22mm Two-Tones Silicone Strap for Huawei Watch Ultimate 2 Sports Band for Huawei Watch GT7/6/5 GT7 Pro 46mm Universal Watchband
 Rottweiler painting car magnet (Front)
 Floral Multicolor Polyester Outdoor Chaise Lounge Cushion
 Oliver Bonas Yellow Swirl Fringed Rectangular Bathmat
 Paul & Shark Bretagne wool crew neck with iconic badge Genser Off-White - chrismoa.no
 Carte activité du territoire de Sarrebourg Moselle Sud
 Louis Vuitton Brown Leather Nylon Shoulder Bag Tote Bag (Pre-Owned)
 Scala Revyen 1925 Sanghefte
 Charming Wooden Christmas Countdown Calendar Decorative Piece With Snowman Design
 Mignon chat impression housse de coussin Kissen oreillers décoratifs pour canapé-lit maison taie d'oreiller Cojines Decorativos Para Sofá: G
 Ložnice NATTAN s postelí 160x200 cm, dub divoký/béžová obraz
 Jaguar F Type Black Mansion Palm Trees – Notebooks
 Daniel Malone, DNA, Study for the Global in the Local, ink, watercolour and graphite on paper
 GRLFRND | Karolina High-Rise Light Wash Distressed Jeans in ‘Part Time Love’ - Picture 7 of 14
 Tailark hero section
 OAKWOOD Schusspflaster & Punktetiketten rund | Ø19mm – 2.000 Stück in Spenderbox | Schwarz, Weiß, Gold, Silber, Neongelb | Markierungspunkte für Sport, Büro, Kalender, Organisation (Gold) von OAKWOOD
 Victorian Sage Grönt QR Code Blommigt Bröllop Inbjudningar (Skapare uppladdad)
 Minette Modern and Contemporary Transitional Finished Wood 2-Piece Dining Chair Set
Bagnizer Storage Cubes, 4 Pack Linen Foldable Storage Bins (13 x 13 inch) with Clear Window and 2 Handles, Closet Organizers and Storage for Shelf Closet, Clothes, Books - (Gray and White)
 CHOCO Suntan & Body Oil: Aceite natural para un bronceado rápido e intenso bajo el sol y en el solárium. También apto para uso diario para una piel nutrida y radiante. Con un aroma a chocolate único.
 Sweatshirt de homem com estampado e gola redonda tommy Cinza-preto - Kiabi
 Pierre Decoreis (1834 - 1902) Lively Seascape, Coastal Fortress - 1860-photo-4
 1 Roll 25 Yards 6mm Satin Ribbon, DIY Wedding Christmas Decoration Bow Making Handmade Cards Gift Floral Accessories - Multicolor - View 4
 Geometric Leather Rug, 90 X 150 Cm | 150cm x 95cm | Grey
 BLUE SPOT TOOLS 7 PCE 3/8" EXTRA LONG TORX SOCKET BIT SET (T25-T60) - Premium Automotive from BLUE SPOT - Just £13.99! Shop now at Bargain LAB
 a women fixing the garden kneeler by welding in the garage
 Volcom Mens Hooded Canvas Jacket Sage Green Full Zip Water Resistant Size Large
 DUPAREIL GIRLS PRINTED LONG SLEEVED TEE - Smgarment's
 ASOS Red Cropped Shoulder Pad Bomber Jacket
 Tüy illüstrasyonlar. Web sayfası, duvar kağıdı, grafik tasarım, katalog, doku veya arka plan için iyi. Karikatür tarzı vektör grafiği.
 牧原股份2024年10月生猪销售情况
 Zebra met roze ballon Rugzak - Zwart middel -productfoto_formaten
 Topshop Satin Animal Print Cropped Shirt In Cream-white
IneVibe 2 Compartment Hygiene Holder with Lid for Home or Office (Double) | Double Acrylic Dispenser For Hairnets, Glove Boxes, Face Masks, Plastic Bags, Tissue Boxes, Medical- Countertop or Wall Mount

----

• **Task brief**
Would you set down all the lines above, exactly and in full?

• **Answer to this task**
22mm Two-Tones Silicone Strap for Huawei Watch Ultimate 2 Sports Band for Huawei Watch GT7/6/5 GT7 Pro 46mm Universal Watchband
 Rottweiler painting car magnet (Front)
 Floral Multicolor Polyester Outdoor Chaise Lounge Cushion
 Oliver Bonas Yellow Swirl Fringed Rectangular Bathmat
 Paul & Shark Bretagne wool crew neck with iconic badge Genser Off-White - chrismoa.no
 Carte activité du territoire de Sarrebourg Moselle Sud
 Louis Vuitton Brown Leather Nylon Shoulder Bag Tote Bag (Pre-Owned)
 Scala Revyen 1925 Sanghefte
 Charming Wooden Christmas Countdown Calendar Decorative Piece With Snowman Design
 Mignon chat impression housse de coussin Kissen oreillers décoratifs pour canapé-lit maison taie d'oreiller Cojines Decorativos Para Sofá: G
 Ložnice NATTAN s postelí 160x200 cm, dub divoký/béžová obraz
 Jaguar F Type Black Mansion Palm Trees – Notebooks
 Daniel Malone, DNA, Study for the Global in the Local, ink, watercolour and graphite on paper
 GRLFRND | Karolina High-Rise Light Wash Distressed Jeans in ‘Part Time Love’ - Picture 7 of 14
 Tailark hero section
 OAKWOOD Schusspflaster & Punktetiketten rund | Ø19mm – 2.000 Stück in Spenderbox | Schwarz, Weiß, Gold, Silber, Neongelb | Markierungspunkte für Sport, Büro, Kalender, Organisation (Gold) von OAKWOOD
 Victorian Sage Grönt QR Code Blommigt Bröllop Inbjudningar (Skapare uppladdad)
 Minette Modern and Contemporary Transitional Finished Wood 2-Piece Dining Chair Set
Bagnizer Storage Cubes, 4 Pack Linen Foldable Storage Bins (13 x 13 inch) with Clear Window and 2 Handles, Closet Organizers and Storage for Shelf Closet, Clothes, Books - (Gray and White)
 CHOCO Suntan & Body Oil: Aceite natural para un bronceado rápido e intenso bajo el sol y en el solárium. También apto para uso diario para una piel nutrida y radiante. Con un aroma a chocolate único.
 Sweatshirt de homem com estampado e gola redonda tommy Cinza-preto - Kiabi
 Pierre Decoreis (1834 - 1902) Lively Seascape, Coastal Fortress - 1860-photo-4
 1 Roll 25 Yards 6mm Satin Ribbon, DIY Wedding Christmas Decoration Bow Making Handmade Cards Gift Floral Accessories - Multicolor - View 4
 Geometric Leather Rug, 90 X 150 Cm | 150cm x 95cm | Grey
 BLUE SPOT TOOLS 7 PCE 3/8" EXTRA LONG TORX SOCKET BIT SET (T25-T60) - Premium Automotive from BLUE SPOT - Just £13.99! Shop now at Bargain LAB
 a women fixing the garden kneeler by welding in the garage
 Volcom Mens Hooded Canvas Jacket Sage Green Full Zip Water Resistant Size Large
 DUPAREIL GIRLS PRINTED LONG SLEEVED TEE - Smgarment's
 ASOS Red Cropped Shoulder Pad Bomber Jacket
 Tüy illüstrasyonlar. Web sayfası, duvar kağıdı, grafik tasarım, katalog, doku veya arka plan için iyi. Karikatür tarzı vektör grafiği.
 牧原股份2024年10月生猪销售情况
 Zebra met roze ballon Rugzak - Zwart middel -productfoto_formaten
 Topshop Satin Animal Print Cropped Shirt In Cream-white
IneVibe 2 Compartment Hygiene Holder with Lid for Home or Office (Double) | Double Acrylic Dispenser For Hairnets, Glove Boxes, Face Masks, Plastic Bags, Tissue Boxes, Medical- Countertop or Wall Mount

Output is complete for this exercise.